Recording and releasing music is a very expensive process and without the option of gigs to offset some of the costs it can be difficult to move at the pace you would like to. All that being said it was a hugely rewarding experience getting our debut single out there and it’s something we are very proud of.

Give me the lowdown on the single,what is it all about and how do you hope to be perceived from it?

The song is inspired by Betty, a woman who worked in my family pub and home before I was even born. The room she stayed in while living and working there became known as Betty’s Room and is still called that to this day. I always wondered who this mysterious Betty was and as I got older I started to ask questions.

It’s over 50 years since she lived and worked in my family home so the details I managed to find were all a bit hazy. There was talk she had come from a mother and baby home and endured a tough childhood. There was talk that she fell pregnant while working in the family pub. There was talk that a priest had heard of her predicament and she was sent back to a mother and baby home. No one in my family ever heard from Betty after she left or learned what became of her.
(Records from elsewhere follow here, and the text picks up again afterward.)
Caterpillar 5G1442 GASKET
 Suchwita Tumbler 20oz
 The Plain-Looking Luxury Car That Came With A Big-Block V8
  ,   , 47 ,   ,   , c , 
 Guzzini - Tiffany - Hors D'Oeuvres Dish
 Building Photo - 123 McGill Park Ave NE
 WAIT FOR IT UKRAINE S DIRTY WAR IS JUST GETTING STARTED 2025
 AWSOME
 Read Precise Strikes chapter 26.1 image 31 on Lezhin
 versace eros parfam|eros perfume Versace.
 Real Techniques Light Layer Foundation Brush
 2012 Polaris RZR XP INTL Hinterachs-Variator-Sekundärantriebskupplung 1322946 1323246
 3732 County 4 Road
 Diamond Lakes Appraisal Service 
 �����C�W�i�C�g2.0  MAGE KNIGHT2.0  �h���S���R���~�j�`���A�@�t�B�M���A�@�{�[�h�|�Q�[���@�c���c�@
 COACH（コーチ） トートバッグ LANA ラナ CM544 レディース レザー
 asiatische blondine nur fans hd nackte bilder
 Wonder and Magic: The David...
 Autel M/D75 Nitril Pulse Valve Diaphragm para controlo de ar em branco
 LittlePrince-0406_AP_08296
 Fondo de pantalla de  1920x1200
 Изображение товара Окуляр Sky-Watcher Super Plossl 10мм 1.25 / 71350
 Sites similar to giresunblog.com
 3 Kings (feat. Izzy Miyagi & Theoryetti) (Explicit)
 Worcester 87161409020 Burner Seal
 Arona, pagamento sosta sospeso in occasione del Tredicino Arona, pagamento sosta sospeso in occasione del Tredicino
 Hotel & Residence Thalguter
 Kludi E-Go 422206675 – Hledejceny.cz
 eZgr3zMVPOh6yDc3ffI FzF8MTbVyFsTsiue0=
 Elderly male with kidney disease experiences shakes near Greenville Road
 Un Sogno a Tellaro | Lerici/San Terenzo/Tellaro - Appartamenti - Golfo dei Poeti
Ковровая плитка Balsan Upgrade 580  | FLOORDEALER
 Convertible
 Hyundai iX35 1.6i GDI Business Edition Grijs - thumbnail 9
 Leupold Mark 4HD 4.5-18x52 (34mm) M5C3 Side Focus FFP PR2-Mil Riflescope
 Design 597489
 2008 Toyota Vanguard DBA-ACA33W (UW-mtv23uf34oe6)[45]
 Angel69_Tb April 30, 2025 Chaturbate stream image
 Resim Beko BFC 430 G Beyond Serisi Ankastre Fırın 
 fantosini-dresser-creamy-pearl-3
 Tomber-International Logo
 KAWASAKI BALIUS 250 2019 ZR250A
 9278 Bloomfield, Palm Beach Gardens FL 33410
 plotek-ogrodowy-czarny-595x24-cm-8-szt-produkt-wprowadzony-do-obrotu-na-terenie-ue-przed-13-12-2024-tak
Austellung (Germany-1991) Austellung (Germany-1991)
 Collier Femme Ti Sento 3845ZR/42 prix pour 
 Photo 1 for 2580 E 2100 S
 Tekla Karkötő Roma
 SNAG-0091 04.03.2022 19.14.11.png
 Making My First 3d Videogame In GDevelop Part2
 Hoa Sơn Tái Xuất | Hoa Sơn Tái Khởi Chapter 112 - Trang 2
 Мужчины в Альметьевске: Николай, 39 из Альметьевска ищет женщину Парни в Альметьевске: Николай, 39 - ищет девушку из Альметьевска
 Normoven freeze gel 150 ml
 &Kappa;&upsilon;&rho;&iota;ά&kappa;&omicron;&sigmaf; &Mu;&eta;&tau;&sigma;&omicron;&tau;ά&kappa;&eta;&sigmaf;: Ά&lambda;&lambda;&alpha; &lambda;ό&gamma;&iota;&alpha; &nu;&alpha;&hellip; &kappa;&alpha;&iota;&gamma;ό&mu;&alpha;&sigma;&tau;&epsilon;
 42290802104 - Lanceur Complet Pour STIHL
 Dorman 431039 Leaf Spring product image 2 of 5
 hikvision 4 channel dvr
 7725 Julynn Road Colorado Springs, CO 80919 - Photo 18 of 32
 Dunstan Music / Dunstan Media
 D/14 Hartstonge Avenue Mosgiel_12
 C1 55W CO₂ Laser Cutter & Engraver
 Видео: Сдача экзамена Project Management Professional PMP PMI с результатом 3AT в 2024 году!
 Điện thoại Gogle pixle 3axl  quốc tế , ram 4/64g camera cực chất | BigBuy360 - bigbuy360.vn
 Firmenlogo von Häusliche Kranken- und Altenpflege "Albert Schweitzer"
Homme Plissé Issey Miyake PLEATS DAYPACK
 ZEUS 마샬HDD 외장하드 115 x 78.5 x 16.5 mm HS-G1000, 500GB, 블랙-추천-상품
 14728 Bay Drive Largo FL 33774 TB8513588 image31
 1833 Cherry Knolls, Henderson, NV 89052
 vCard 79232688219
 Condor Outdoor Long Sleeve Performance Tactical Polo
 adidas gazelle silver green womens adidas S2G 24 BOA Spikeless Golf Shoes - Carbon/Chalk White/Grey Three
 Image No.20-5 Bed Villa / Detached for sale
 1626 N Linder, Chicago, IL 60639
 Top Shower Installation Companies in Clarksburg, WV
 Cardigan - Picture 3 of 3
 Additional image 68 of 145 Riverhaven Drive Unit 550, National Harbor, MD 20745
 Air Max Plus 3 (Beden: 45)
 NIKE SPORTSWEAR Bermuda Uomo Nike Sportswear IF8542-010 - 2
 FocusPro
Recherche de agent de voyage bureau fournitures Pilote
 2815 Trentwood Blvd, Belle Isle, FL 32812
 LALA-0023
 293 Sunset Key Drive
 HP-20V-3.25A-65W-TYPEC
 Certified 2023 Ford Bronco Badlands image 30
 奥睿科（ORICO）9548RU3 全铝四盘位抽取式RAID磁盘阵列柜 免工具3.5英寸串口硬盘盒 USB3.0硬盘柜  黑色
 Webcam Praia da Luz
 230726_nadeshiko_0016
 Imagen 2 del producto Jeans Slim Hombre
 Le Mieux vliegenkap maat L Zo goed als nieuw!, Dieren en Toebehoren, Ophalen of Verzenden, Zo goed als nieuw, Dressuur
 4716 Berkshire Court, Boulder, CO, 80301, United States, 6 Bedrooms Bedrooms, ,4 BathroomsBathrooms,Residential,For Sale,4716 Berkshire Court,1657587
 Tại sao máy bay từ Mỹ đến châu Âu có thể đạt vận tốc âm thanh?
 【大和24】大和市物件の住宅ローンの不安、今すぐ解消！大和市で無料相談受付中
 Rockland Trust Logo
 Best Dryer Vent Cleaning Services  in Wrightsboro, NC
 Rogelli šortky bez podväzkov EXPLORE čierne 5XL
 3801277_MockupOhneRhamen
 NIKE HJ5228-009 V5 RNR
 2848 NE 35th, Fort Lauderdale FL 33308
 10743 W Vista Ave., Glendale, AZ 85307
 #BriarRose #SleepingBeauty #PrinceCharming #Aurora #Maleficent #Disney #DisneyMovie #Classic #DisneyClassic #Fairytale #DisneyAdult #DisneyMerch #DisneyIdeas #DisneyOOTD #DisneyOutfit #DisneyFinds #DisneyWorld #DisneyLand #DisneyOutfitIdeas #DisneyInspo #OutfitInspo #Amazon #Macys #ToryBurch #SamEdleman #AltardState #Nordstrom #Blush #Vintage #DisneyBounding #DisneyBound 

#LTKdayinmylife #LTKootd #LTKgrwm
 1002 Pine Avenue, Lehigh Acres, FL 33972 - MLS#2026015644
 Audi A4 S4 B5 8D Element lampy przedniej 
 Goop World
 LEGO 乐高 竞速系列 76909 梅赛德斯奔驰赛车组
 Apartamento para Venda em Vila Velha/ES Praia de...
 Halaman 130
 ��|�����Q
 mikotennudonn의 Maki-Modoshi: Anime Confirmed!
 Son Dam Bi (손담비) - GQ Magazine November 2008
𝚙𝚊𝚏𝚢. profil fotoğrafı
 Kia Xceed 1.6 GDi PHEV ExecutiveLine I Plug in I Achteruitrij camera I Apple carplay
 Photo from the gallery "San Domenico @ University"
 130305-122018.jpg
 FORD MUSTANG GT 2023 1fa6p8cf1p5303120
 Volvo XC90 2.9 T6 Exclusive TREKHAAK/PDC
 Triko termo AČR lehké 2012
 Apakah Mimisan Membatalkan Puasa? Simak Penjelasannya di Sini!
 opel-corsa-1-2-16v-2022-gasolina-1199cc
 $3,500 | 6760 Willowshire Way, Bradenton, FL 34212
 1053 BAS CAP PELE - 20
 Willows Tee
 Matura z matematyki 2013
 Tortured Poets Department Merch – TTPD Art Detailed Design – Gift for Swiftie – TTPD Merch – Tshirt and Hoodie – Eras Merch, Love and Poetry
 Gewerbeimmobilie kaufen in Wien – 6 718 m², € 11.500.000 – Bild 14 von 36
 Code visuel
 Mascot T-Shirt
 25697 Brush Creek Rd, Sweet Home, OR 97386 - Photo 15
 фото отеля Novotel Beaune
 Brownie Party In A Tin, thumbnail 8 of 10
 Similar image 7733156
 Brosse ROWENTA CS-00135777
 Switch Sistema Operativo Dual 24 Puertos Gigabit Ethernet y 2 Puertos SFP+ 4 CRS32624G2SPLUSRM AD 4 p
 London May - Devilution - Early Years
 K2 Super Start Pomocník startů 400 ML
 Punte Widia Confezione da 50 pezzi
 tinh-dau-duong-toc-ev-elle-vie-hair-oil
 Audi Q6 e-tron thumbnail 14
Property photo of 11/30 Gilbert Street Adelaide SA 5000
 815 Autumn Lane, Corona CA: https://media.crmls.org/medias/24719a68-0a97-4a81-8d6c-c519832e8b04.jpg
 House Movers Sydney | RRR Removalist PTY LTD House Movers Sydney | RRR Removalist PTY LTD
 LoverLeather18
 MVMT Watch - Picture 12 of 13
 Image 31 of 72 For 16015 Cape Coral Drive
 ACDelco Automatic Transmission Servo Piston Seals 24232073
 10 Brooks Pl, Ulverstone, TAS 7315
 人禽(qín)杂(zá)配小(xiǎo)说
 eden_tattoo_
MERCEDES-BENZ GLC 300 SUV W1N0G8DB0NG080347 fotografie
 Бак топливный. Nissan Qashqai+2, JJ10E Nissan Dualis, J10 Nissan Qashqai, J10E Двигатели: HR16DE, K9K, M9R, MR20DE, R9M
I could probably have found out more about her with a bit of amateur detective work but didn’t feel it was my place to intrude,reasoning that if she had wanted to get in touch she would have. It’s just a story that always fascinated me and I often wondered what became of her and how life panned out for her. She is remembered fondly by those who knew her and I hope things worked out for her.

I’m not really sure how we hope to be perceived from it, it’s not something I’ve thought about to be honest. We just focused on getting the song right and recording to the highest possible standard we could.

Do you have a lot of other music ready to go?

Yeah,we’ve been busy writing and jamming out new songs since Betty was released. We’ll be releasing a second single over the summer which we’re very excited about. The plan then is to concentrate on recording our debut album and start playing gigs once things open up a bit. The album is mostly written and we’re chomping at the bit to get back in the studio soon.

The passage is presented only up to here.